A few weeks ago, CNBC ran a special on Costco (it’s worth sitting through the advertisement to catch the video) which included a segment on the lead wine buyer, Annette Alvarez-Peters. If you’ve been to one of these warehouse stores, you know they’re chockablock full of gallon-sized bottles of ketchup, car tires, and, of course, toilet paper. There are a few, however, that also sell wine. In the case of Costco, a LOT of wine. As in, over a billion dollars per year.

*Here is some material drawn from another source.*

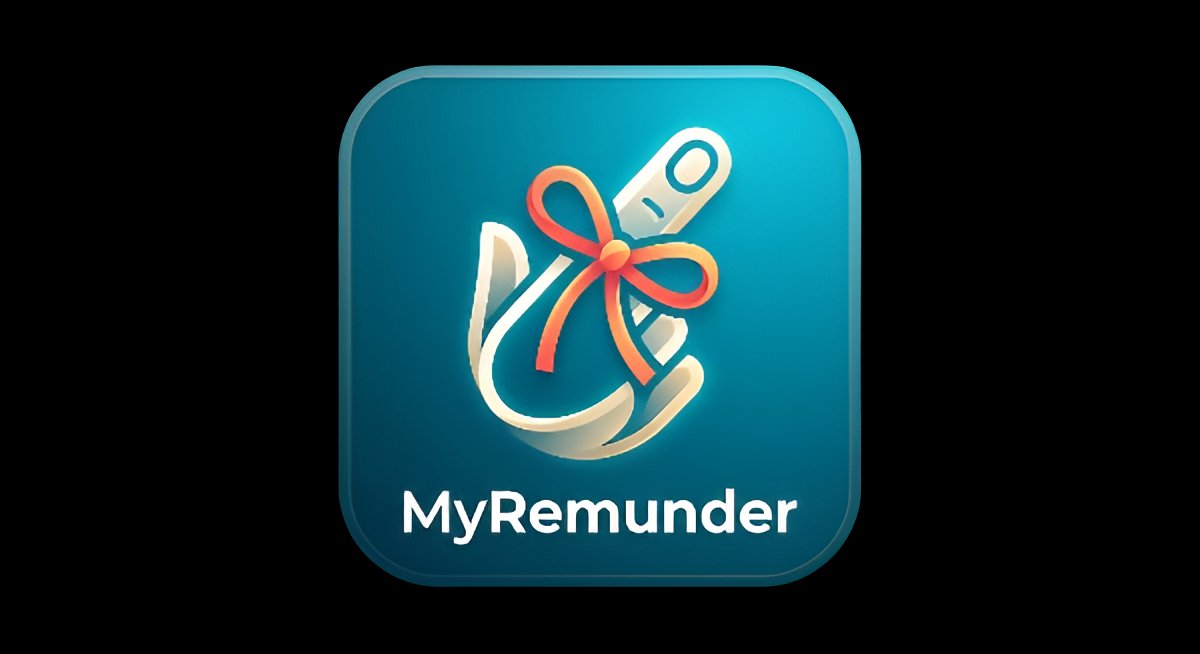 MyReminder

I don’t know if I was more shocked to learn that Costco sells that much wine yearly, or that the person responsible for choosing which bottles grace the shelves has such a bourgeois attitude toward wine itself, likening it to any other commodity. Like toilet paper. Maybe she should tell that to the guy who bought this bottle of wine. The more I thought about it, the more mixed my feeling were. I realized she was right when she said, “…at the end of the day, it’s a beverage.” I mean, of course it is. But it’s also elevated to something far more meaningful than that by the context in which it’s enjoyed. You won’t see someone celebrating his daughter’s college graduation by telling his guests, “Hey, today is very special. I’m talking Quilted Northern kind of special.” At least I hope not.
I don’t think most people are shopping for wine at Costco looking for the elusive bottle of ’82 Chateau Petrus. And besides, does the lead wine buyer’s attitude really change what’s in the bottle?
How about you? Are you more in the Who cares as long as it’s cheap camp? Or does your blood boil with the idea of your precious wine being thought of as just another 30-pack of Charmin?